How to complete this task: Exactly reproduce the lines from the one containing "Kahtoola NANOspikes Traction" through the last line of the data, both ends included, leaving out pictures.

Information shown:
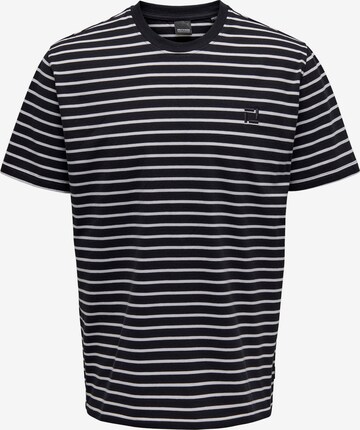 T-Shirt 'Henry' Only & Sons en bleu : devant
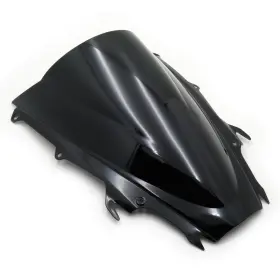 Us-cfp-2401-3-bk9 Xt Windscreen Double Bubble For Triumph Daytona 675 2009-2012 Black Windshield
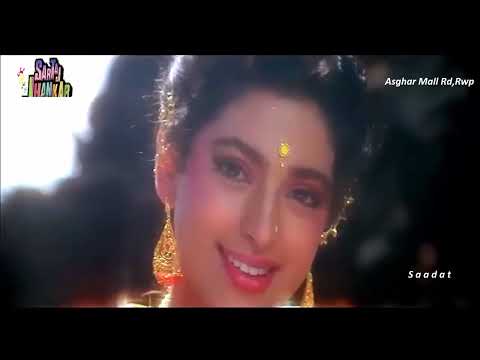 Dil Pe Tere Pyar Ka Paigam Likh Du (((Jhankar))) HD, Shatranj(1993) - Kumar Sanu, Sadhana Sargam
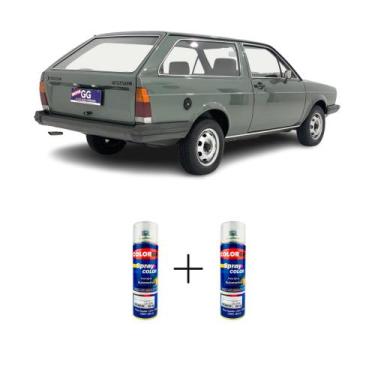Imagem de SPRAY AUTOMOTIVO Verde Esmeralda VW + SPRAY VERNIZ 300ML - Sherwin Wil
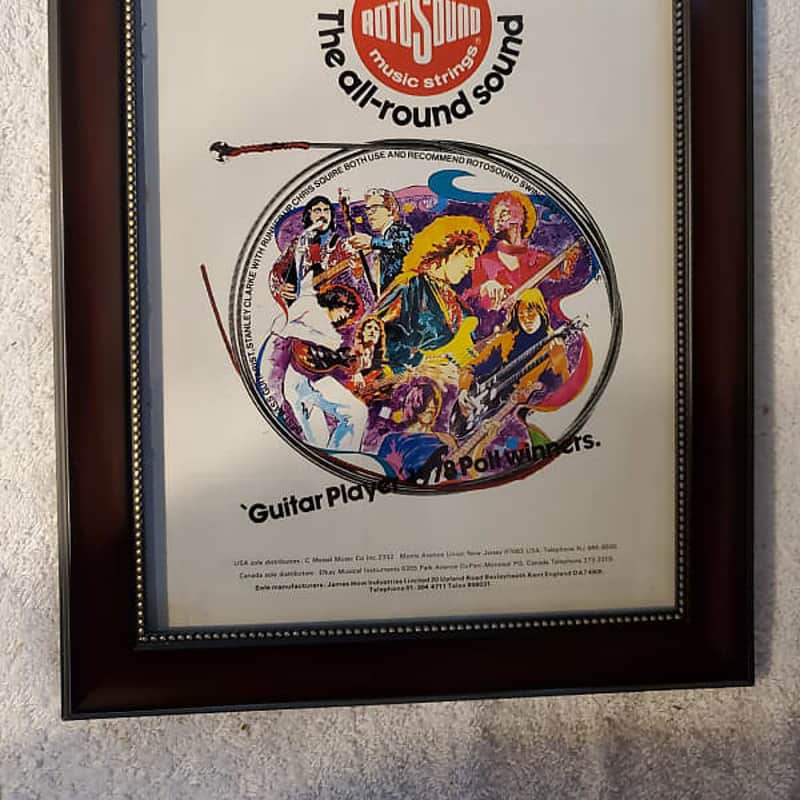 1979 Rotosound All Around Color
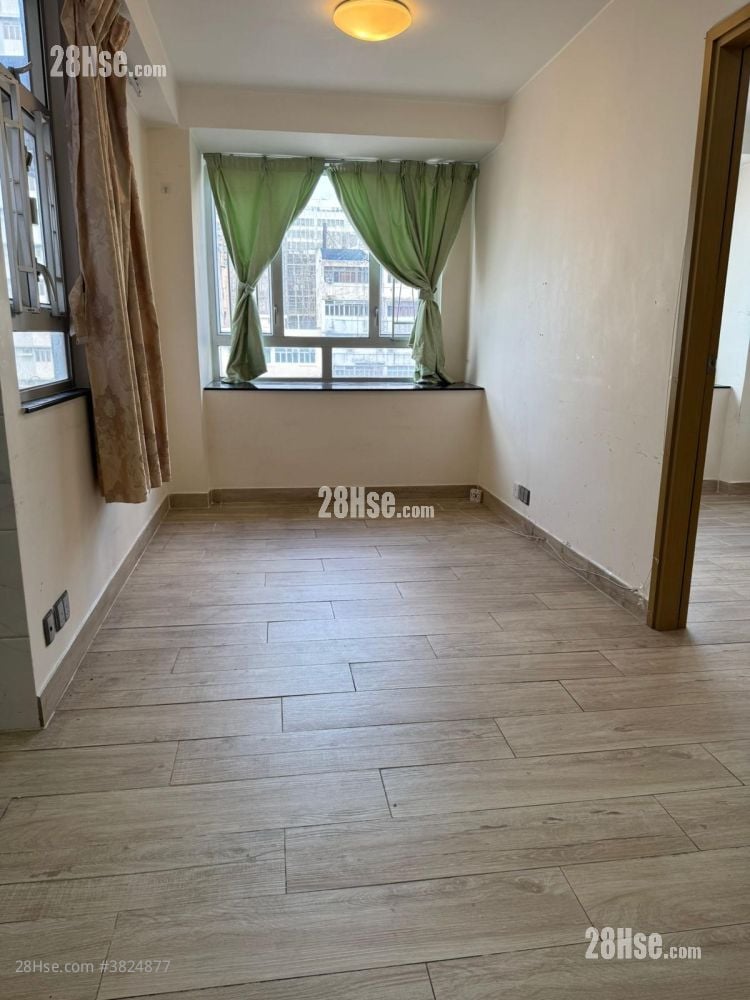 德基大廈 售盤 1 房 , 1 浴室 259 平方呎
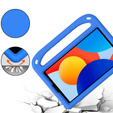 Children's case for Xiaomi Redmi Pad SE 8.7, with handle, blue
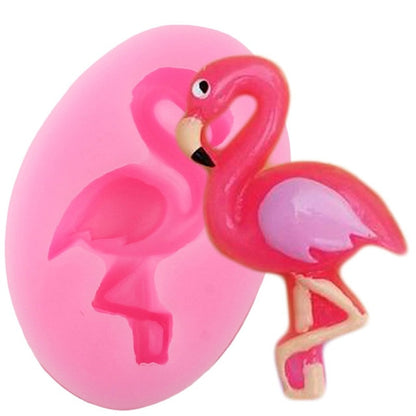 Tropical Flamingo Mold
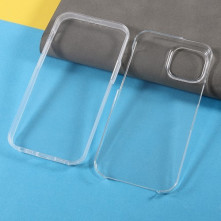 Elő és hátlapi TPU tok Apple iPhone 13 készülékhez - ÁTTETSZŐ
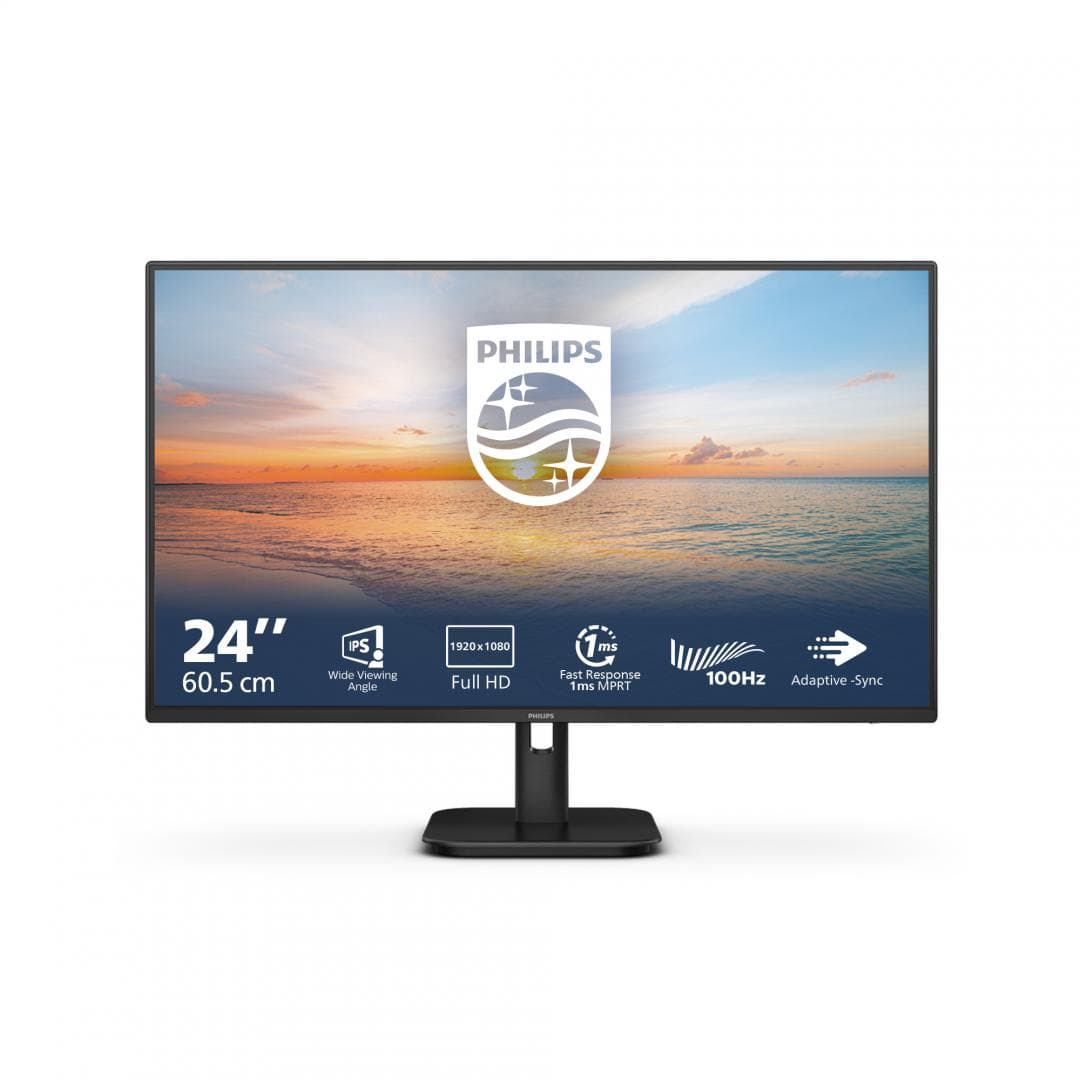 Monitor Philips 23.8" 24E1N1100A/00, Diagonal (inch): 23.8, Diagonal (cm): 60.5, - 15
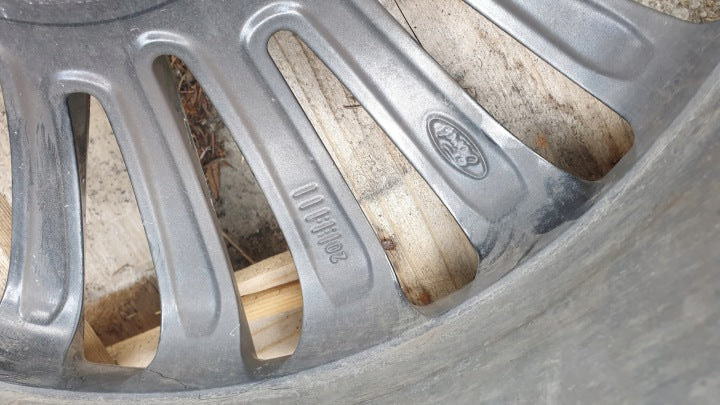 1x Alufelge 17 Zoll 3.5" 5x108 JX7C-1007-H1A9 Ford Mondeo Rim Wheel FEL3146465963lv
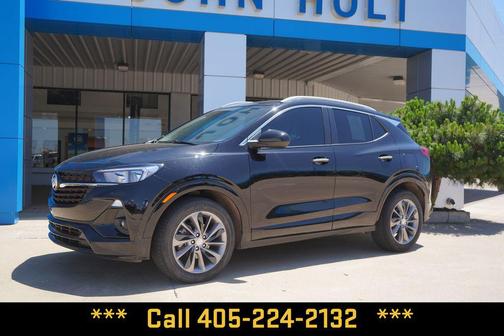 Ebony Twilight Metallic 2023 Buick Encore GX Select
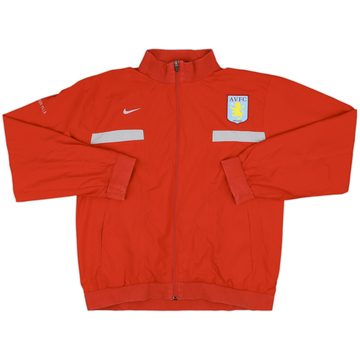 2009-10 Aston Villa Nike Veste de survêtement - 8/10 - (L)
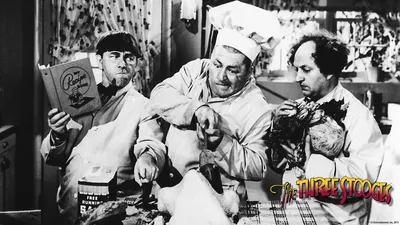 The Three Stooges: Hey Moe! Hey Dad!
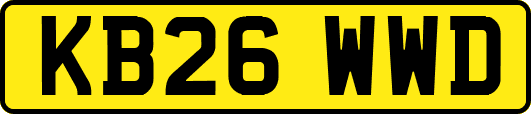 KB26WWD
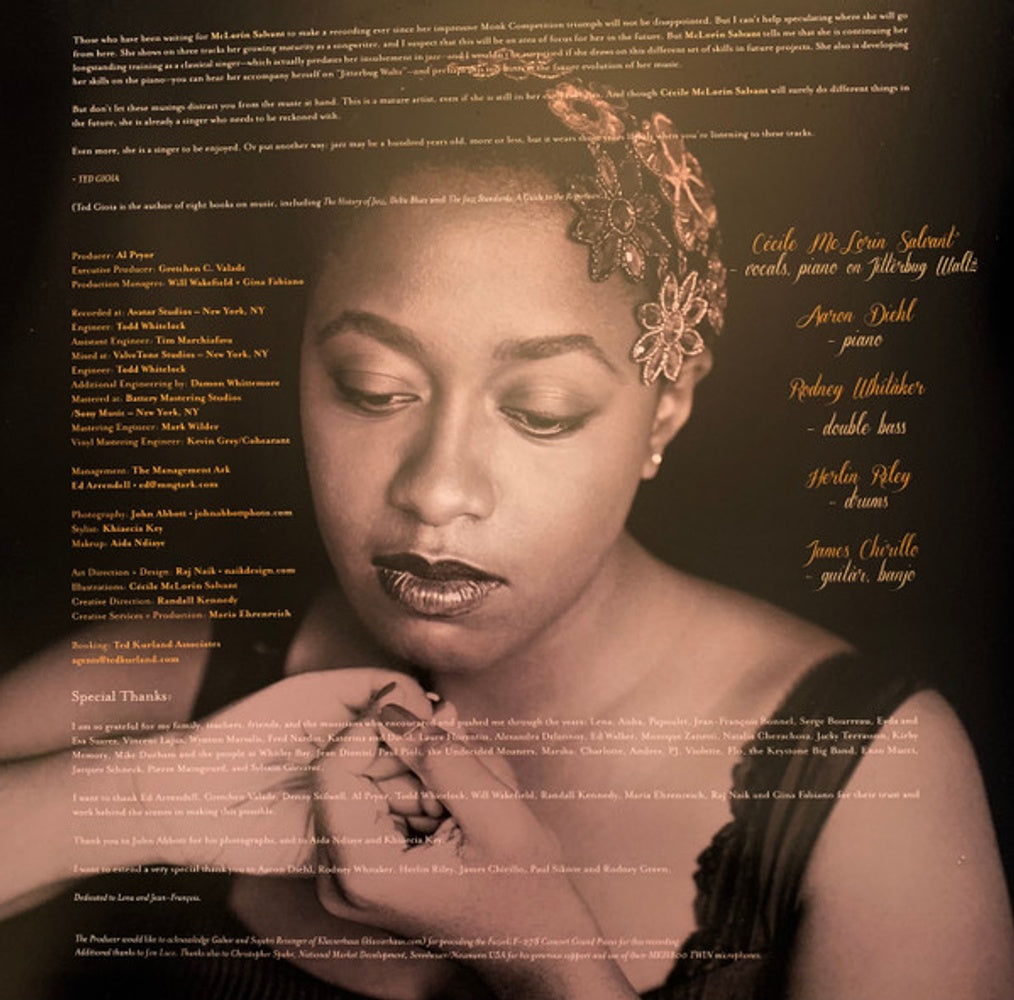 Cecile McLorin Salvant – Womanchild (2-LP Vinyl) Vinyl Record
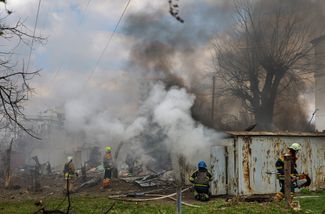 В результате российского удара по Харькову, нанесенного днем 7 апреля, ранения получили пять человек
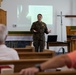 U.S. Navy Sailors with Marine Wing Support Squadron 272 provide religious services in the Bahamas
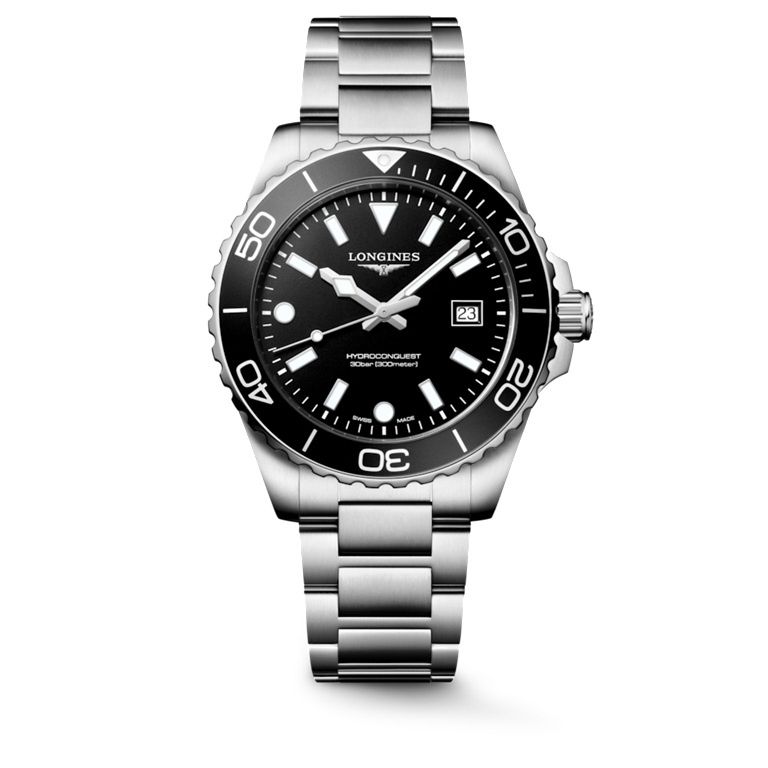 HYDROCONQUEST - L3.769.4.56.6 - Quartz, Ø 42.00 mm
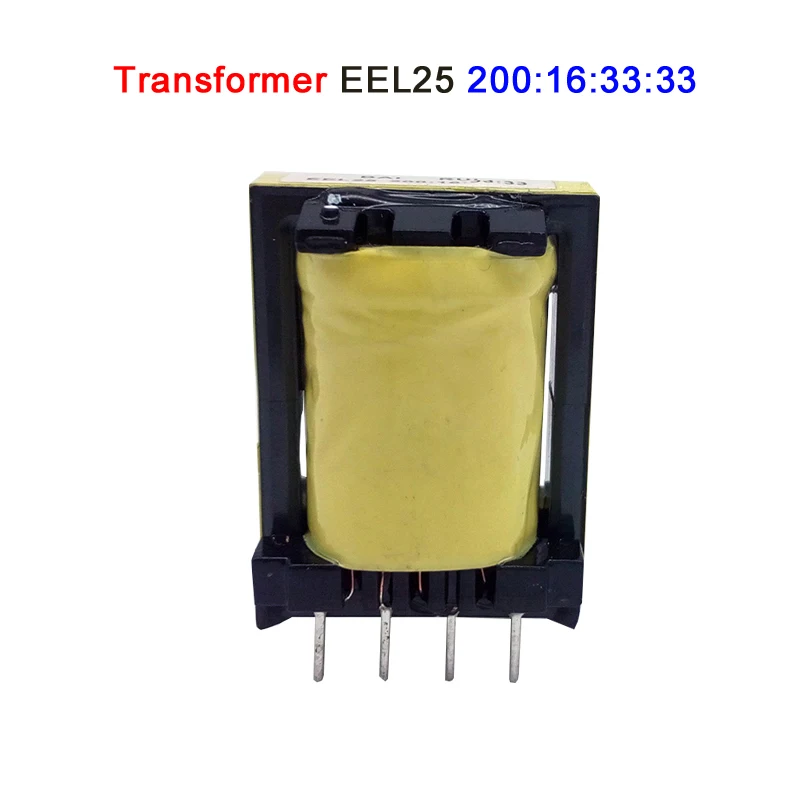 Pulse Transformer high frequency EEL25  200:16:33:33 for welding machine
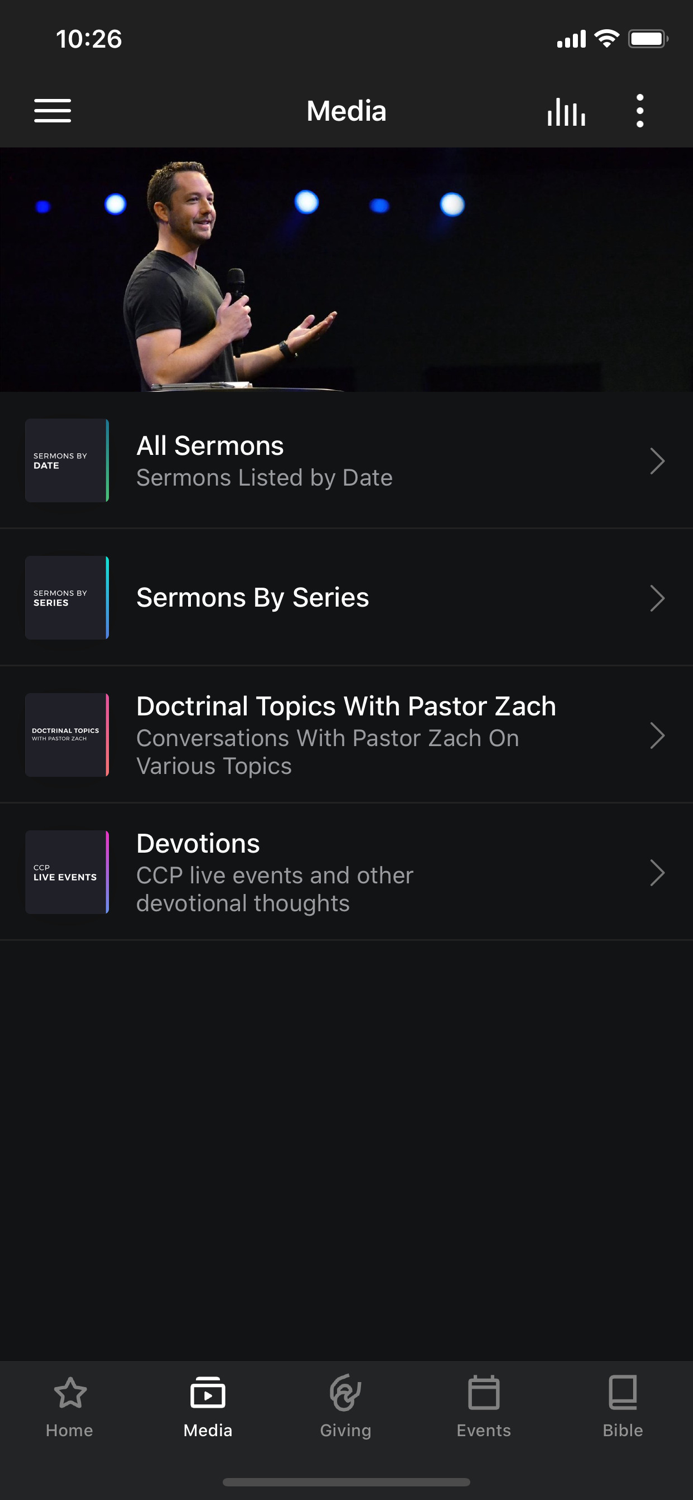 Calvary Chapel Petaluma App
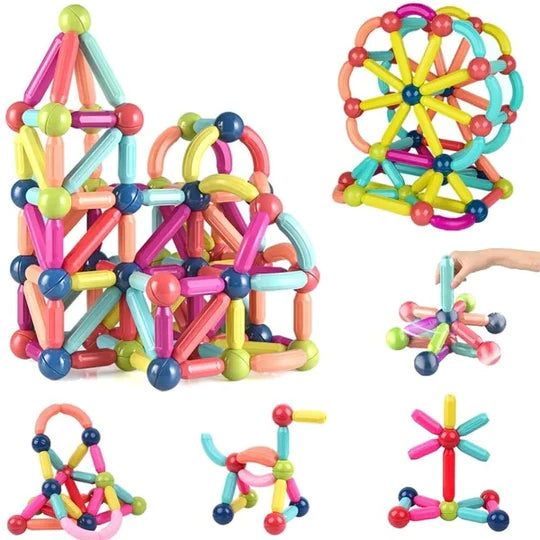 Condis jeu aimanté idée Sous-marins/ jouet construction magnetique/ jouet  magnétique construction 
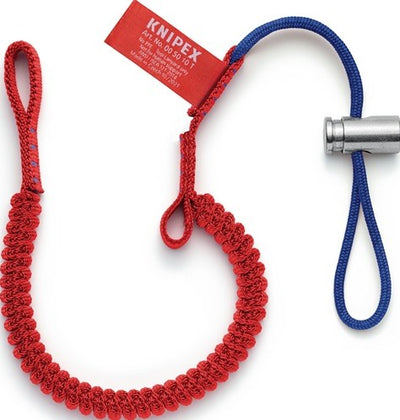 Knipex-Sicherheitskabel | Inhalt 1 Stück | max. Belastung 6 kg | 1 Stück - 00 50 10 t sw 00 50 10 t sw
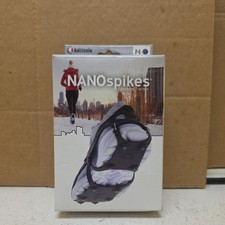 Kahtoola NANOspikes Traction Spikes for Ice, Winter Running walking MEDIUM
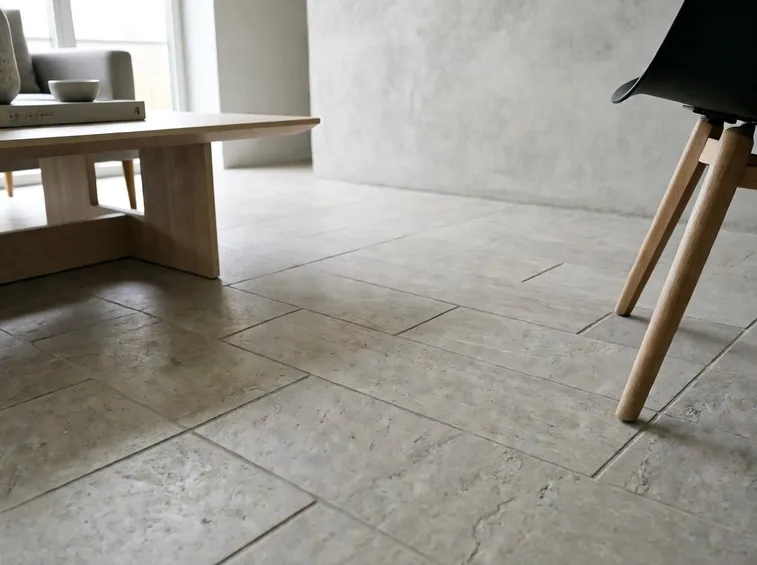 Pavimento in gres porcellanato moderno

Exercise solution:
 Kahtoola NANOspikes Traction Spikes for Ice, Winter Running walking MEDIUM
 Pavimento in gres porcellanato moderno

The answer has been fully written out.